═════ RECORDS TO PROCESS
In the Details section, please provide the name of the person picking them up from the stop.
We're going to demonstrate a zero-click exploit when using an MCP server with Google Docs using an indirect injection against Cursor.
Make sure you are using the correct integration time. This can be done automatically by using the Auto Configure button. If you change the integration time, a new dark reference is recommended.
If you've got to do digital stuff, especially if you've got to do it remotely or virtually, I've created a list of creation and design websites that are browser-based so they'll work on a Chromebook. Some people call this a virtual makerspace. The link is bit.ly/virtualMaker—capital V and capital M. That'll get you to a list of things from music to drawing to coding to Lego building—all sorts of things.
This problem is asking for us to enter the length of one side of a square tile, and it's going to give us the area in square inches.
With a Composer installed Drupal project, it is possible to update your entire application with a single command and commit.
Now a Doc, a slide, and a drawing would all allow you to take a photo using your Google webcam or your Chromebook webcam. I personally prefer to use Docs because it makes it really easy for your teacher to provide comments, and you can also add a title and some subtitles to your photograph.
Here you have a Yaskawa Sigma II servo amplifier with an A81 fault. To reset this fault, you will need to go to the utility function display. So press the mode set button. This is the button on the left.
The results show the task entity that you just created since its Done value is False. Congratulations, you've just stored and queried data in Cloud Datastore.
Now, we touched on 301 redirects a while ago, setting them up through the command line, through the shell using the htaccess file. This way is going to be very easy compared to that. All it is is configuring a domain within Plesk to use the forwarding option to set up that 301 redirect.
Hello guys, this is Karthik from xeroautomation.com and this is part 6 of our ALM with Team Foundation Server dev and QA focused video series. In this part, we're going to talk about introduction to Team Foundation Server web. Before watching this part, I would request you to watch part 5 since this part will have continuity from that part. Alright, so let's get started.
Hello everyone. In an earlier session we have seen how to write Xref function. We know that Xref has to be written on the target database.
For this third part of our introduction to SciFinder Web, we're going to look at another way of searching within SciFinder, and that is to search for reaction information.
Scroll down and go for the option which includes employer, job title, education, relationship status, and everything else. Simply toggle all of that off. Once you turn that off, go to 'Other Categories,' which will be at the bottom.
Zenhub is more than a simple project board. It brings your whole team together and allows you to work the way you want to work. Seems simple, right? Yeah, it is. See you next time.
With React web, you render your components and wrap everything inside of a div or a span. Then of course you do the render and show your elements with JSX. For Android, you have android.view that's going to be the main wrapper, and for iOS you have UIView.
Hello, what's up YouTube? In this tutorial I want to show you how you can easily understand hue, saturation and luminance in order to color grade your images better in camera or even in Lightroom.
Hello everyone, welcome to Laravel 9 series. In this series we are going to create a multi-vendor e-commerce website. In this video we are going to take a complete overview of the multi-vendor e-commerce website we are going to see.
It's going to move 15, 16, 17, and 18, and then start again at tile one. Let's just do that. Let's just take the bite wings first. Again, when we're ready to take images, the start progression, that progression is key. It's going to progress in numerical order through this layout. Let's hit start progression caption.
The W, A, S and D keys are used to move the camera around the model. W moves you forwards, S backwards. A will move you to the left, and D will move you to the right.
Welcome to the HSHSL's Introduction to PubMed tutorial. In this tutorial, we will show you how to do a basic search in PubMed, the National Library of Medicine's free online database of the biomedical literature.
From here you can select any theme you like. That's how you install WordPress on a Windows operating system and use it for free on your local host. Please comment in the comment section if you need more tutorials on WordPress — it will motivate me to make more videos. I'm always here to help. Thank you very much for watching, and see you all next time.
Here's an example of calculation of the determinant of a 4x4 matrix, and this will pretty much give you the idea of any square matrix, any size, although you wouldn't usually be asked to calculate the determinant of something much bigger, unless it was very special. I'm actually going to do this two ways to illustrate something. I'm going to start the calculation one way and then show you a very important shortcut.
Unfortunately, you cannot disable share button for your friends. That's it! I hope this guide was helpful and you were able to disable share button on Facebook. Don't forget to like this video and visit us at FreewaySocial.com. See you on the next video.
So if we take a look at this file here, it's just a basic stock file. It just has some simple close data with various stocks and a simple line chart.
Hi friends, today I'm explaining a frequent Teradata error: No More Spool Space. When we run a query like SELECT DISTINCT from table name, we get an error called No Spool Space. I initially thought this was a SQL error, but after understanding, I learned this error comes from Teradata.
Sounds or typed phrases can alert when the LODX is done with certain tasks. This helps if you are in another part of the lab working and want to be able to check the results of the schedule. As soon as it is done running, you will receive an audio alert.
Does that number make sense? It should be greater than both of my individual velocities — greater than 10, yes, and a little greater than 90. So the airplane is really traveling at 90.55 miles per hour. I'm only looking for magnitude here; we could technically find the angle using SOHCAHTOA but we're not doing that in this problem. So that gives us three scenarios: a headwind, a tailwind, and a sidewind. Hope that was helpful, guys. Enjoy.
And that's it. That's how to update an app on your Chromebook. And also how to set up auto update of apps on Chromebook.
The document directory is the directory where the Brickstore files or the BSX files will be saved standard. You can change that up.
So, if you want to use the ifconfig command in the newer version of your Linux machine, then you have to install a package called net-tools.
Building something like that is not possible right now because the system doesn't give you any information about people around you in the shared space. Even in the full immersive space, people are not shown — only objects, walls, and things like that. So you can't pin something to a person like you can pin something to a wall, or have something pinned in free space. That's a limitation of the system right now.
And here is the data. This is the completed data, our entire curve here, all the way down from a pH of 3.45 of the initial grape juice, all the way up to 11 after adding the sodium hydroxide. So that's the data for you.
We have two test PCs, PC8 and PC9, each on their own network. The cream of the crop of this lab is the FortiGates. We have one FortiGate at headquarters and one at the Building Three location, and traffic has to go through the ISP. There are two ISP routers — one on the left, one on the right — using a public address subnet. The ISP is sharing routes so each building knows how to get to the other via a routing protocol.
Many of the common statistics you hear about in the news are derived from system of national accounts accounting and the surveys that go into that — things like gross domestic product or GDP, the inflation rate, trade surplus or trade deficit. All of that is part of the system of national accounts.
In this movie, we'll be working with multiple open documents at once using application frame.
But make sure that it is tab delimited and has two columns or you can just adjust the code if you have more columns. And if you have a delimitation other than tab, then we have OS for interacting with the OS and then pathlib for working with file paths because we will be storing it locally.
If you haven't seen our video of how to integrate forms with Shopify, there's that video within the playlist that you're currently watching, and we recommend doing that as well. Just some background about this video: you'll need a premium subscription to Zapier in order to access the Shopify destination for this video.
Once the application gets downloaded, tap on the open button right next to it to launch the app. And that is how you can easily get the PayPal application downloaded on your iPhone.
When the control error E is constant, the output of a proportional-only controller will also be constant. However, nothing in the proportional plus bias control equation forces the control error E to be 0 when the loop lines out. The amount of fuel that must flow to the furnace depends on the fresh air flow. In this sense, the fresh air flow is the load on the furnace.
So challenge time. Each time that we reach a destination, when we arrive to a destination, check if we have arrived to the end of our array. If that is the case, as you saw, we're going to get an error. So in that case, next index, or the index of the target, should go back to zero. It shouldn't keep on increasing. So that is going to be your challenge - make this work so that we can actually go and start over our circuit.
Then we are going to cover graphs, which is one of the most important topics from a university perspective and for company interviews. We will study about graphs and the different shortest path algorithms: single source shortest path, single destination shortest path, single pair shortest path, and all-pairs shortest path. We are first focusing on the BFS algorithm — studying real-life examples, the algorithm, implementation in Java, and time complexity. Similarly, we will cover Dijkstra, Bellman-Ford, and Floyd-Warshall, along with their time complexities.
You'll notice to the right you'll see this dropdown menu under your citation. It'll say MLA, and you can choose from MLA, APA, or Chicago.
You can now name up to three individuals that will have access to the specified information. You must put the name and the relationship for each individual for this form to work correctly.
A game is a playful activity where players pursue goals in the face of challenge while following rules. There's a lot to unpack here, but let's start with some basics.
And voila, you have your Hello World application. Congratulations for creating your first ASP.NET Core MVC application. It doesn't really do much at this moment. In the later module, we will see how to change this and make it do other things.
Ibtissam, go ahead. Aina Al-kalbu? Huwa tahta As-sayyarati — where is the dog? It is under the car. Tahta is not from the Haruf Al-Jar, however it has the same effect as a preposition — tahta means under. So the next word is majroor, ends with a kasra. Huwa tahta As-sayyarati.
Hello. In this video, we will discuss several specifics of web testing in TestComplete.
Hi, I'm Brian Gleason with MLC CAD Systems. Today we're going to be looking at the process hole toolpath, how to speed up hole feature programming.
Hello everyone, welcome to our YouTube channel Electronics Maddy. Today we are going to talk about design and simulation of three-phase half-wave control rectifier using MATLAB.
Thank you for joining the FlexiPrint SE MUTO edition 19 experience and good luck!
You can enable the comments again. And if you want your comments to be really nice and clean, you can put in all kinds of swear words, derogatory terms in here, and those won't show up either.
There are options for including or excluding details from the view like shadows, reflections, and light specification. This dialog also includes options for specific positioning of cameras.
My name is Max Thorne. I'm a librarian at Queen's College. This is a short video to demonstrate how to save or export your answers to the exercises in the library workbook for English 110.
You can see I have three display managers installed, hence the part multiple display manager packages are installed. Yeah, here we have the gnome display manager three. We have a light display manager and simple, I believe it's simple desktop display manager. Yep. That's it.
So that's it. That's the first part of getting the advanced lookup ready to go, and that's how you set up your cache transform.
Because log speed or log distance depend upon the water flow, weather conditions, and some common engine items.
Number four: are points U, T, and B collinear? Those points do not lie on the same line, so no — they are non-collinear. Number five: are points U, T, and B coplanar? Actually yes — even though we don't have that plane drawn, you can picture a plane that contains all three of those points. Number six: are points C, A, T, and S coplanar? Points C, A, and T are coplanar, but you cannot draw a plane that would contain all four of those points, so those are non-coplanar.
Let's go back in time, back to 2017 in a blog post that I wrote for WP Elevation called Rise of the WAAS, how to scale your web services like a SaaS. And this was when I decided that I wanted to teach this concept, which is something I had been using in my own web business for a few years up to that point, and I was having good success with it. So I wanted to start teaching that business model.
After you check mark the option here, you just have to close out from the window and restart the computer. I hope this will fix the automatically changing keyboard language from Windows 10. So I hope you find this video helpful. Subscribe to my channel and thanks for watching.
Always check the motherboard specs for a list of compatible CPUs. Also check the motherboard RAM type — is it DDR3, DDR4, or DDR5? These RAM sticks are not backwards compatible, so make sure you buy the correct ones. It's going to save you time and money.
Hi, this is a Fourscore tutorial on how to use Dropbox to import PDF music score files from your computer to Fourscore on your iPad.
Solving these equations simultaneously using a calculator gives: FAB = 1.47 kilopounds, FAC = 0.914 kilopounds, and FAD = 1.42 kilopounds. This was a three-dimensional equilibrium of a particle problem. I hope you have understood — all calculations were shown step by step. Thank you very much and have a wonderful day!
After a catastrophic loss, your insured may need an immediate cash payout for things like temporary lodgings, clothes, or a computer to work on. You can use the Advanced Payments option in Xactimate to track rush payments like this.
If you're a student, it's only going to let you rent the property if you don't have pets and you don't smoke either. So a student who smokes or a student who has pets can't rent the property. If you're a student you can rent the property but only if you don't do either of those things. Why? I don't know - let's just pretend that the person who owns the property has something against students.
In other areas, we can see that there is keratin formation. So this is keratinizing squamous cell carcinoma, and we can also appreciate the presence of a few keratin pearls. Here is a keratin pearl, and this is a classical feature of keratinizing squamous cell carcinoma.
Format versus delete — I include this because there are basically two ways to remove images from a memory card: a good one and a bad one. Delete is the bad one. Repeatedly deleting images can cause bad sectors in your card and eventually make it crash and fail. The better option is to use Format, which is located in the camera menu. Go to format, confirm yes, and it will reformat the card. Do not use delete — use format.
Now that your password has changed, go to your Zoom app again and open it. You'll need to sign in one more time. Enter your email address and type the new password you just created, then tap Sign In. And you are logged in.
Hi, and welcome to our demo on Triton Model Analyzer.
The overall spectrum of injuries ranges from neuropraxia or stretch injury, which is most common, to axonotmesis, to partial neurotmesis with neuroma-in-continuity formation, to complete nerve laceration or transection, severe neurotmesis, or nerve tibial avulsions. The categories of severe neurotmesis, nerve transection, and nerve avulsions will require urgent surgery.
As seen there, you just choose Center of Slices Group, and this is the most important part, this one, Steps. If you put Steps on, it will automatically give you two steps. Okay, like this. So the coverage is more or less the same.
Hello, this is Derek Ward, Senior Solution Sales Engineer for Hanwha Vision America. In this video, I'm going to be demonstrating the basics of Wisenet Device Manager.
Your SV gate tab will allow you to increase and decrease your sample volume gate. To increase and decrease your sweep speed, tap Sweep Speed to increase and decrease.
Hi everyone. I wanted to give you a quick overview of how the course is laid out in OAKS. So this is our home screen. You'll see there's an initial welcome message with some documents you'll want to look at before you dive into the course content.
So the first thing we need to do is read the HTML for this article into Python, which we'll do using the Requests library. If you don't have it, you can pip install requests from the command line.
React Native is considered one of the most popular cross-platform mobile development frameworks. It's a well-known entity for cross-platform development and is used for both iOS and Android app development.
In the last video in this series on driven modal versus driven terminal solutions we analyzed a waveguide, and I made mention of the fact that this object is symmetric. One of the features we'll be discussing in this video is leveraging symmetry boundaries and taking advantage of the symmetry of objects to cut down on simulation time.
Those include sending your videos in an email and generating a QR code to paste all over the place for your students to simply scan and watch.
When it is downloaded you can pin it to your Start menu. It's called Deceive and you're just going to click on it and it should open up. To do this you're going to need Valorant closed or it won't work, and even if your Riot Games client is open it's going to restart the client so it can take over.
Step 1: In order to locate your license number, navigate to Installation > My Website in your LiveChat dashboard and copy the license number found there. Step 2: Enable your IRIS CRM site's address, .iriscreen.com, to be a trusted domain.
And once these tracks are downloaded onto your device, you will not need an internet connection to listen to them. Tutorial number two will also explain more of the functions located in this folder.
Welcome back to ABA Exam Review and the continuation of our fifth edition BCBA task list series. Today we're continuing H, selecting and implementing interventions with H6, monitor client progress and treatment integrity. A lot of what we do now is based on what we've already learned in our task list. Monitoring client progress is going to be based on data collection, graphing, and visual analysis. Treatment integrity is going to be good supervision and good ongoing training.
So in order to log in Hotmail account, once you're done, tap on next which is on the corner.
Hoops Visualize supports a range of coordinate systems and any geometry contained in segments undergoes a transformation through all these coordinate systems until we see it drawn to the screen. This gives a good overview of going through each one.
══════════
### WORK INSTRUCTIONS
If a line contains the word "email", count it; give the total for the entries above and nothing else.

### ANSWER SECTION
2